Problem to work on>
Would you please return the data below verbatim, without its pictures?

[Web page caption snippets]

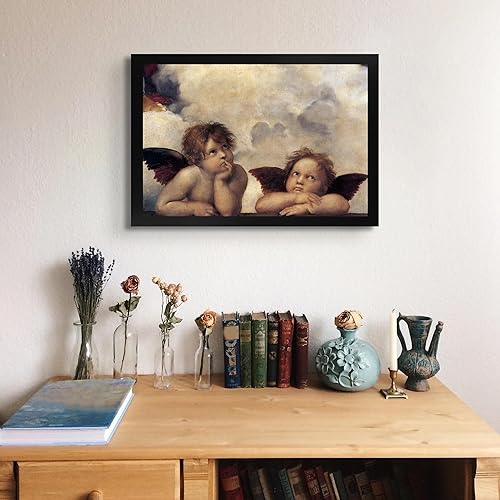 Miniatura 3 de Detalle de Putti de Cabaña Perdida de la Virgen Sixtina de Raphael  Imprimir marco plano negro  Reproducción de pinturas de obras de arte finas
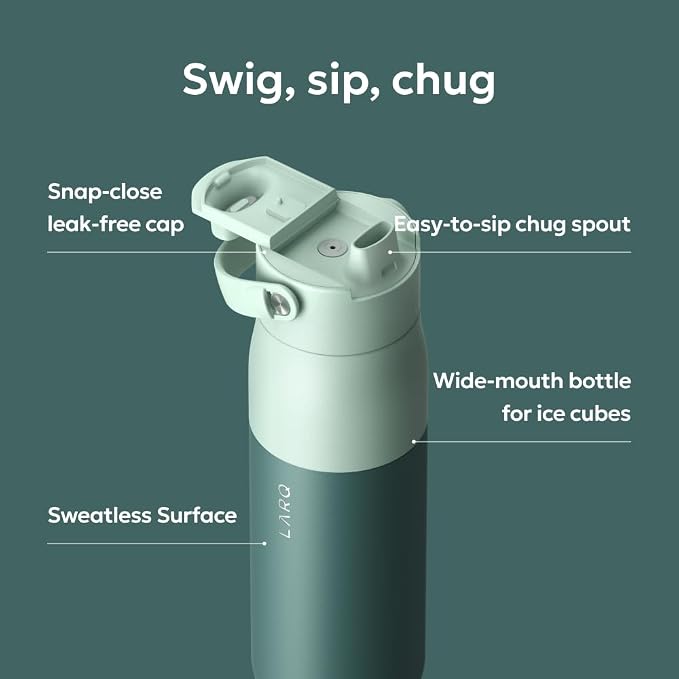 LARQ Swig Top — Insulated Stainless Steel Water Bottle with Straw, Detachable Silicone Handle, Vacuum 24h Cold, BPA-Free Metal Bottle for Gym, Travel, Office, Wide Mouth for Ice — 34 oz, E. Green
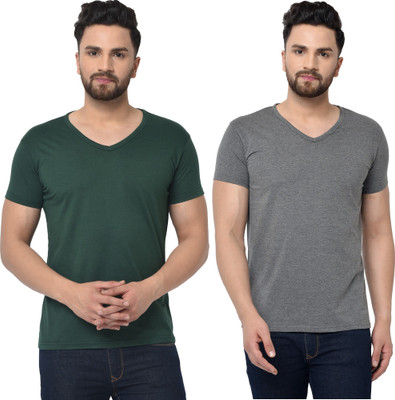 Tresna Trendy Solid Men V Neck Dark Green, Grey T-Shirt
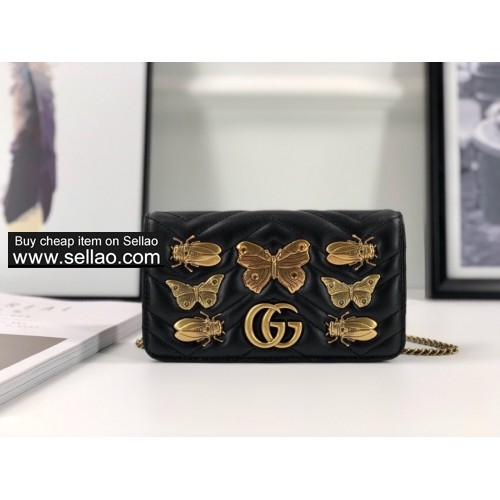 Gucci butterfly rivets China bag original leather shoulder bag women
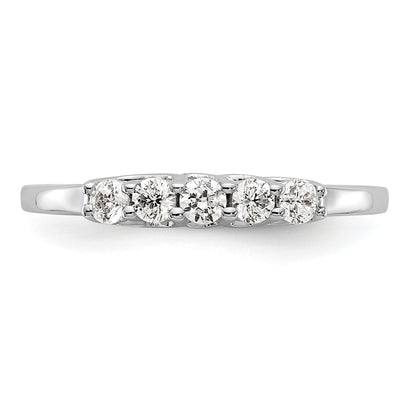 0.25ct. CZ Solid Real 14K White Gold 5-Stone Wedding Band Ring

Response for this exercise>
 Miniatura 3 de Detalle de Putti de Cabaña Perdida de la Virgen Sixtina de Raphael  Imprimir marco plano negro  Reproducción de pinturas de obras de arte finas
 LARQ Swig Top — Insulated Stainless Steel Water Bottle with Straw, Detachable Silicone Handle, Vacuum 24h Cold, BPA-Free Metal Bottle for Gym, Travel, Office, Wide Mouth for Ice — 34 oz, E. Green
 Tresna Trendy Solid Men V Neck Dark Green, Grey T-Shirt
 Gucci butterfly rivets China bag original leather shoulder bag women
 0.25ct. CZ Solid Real 14K White Gold 5-Stone Wedding Band Ring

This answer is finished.